Britain's Got Talent's temporary head judge Amanda Holden gave the nation a needed heat-booster after the cold September winds swept across the UK yesterday.
Swapping her summer wardrobe for a skintight knitted turtleneck, Amanda proved that she was on-trend for the autumn season ahead.
The 48-year-old was spotted leaving the Heart FM radio studio wearing a stylish ensemble that certainly amplified her svelte proportions.
Rocking a belted leather skirt with fishtail trim, she strutted her stuff as she glided through the streets of London.
All eyes were cast towards the TV starlet as she jetted from the Heart FM offices while flashing her toned pins.
Looking sophisticated while oozing elegance, she teamed the cinched-in garment with a beige and brown striped jumper.

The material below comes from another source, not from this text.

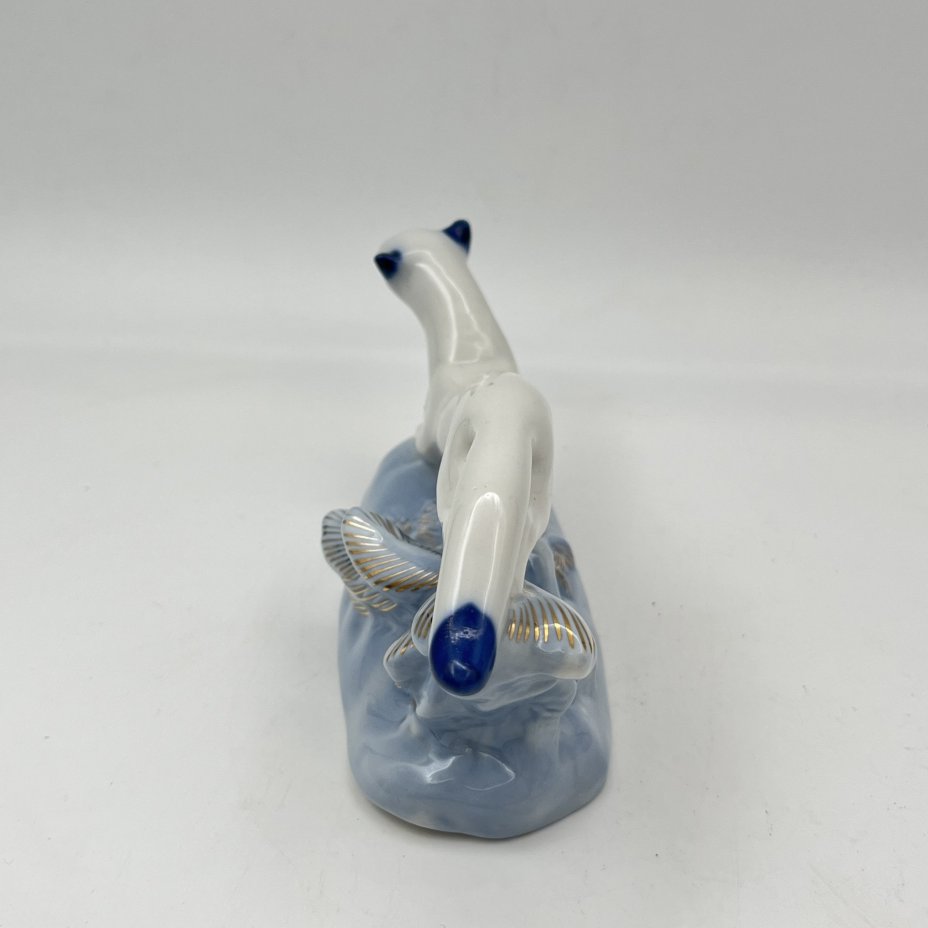 Статуэтка «Горностай», скульптор С.И. Вайнштейн-Мишурина, фарфор, роспись, Фарфоровый завод «Пролетарий» (Бронница, Мста), СССР, 1958-1967 гг.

Her slender, gym-honed waistline became most prominent as she neatly tucked the knit top inside the pleated skirt.
Amanda, who has become quite the fashionista since landing the role on BGT, proved that she was top of her game in the figure-hugging clothing.
Accessorising, she took her get-up to the next level by adding a cool pair of shades and a designer handbag.
Keeping it chic, she sported a pair of kitten heels that boasted a pointed toe, drawing the eye to her tanned legs.
Battling through the breeze, the blonde bombshell's effortlessly groomed hairstyle saw her tresses fly in front of her face.
Recently, Amanda had to take over as leading judge on Britain's Got Talent after Simon Cowell was involved in a horror accident that saw him break his back in three places.
Since then, Britain's Got Talent has hit the headlines for a number of reasons, with Diversity's Black Lives Matter-inspired dance in particular sparking controversy.
Ofcom, the broadcasting regulator, had received a record number of complaints over the powerful dance routine, they were forced to form a line of enquiry.
The watchdog later released a statement standing by Ashley Banjo and Diversity that read: "We carefully considered a large number of complaints about this artistic routine, an area where freedom of expression is particularly important.
"Diversity’s performance referred to challenging and potentially controversial subjects, and in our view, its central message was a call for social cohesion and unity.
"Any depictions of violence by the performers were highly stylised and symbolic of recent global events, and there was no explicit reference to any particular political organisation – but rather a message that the lives of Black people matter."